Requirement
Please copy exactly the lines from the one containing "Vista 6 de Gua" to the end of the entries, both included, and nothing else. Omit every picture.

Content starts

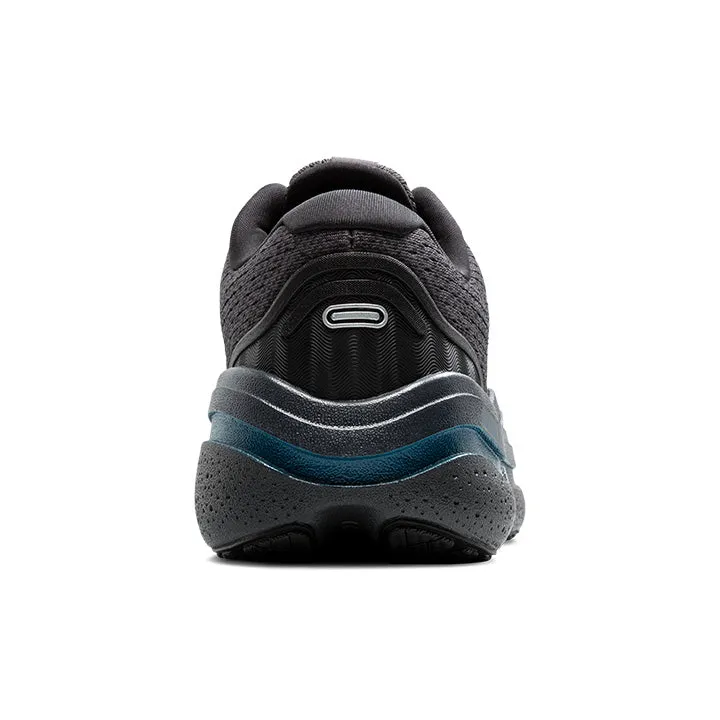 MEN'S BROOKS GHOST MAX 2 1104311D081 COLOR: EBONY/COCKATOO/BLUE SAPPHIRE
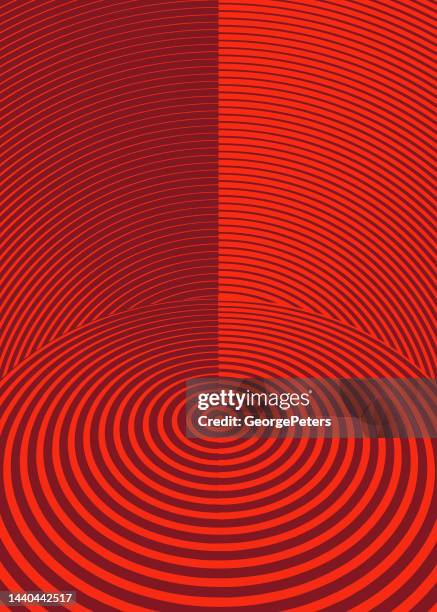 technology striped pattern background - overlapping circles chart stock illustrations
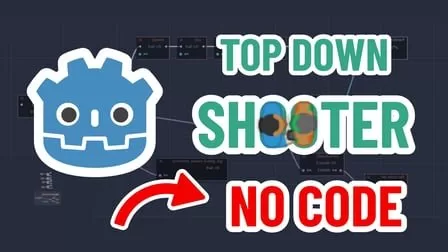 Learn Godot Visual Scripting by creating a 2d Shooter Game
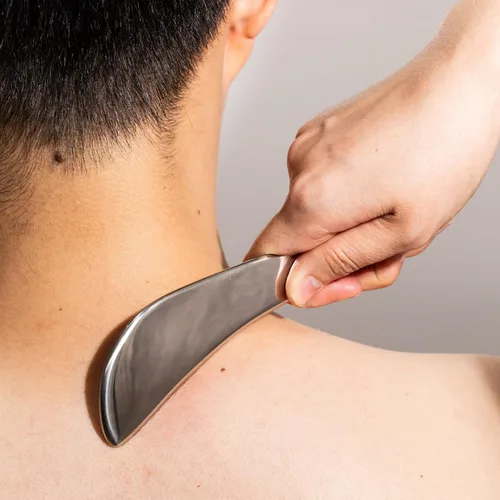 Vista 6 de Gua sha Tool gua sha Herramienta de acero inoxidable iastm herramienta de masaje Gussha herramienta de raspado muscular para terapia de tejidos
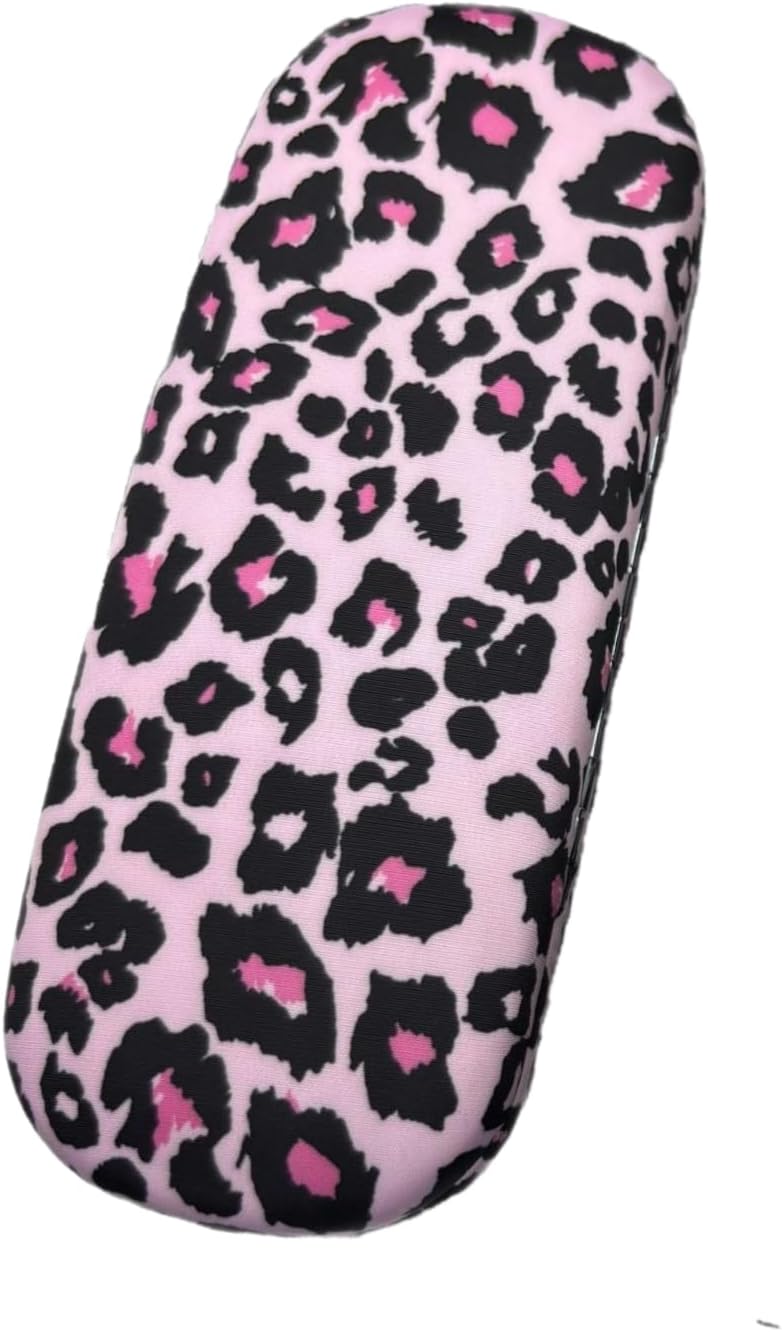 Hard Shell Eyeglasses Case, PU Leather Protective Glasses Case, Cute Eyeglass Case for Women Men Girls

Content ends

Expected output
 Vista 6 de Gua sha Tool gua sha Herramienta de acero inoxidable iastm herramienta de masaje Gussha herramienta de raspado muscular para terapia de tejidos
 Hard Shell Eyeglasses Case, PU Leather Protective Glasses Case, Cute Eyeglass Case for Women Men Girls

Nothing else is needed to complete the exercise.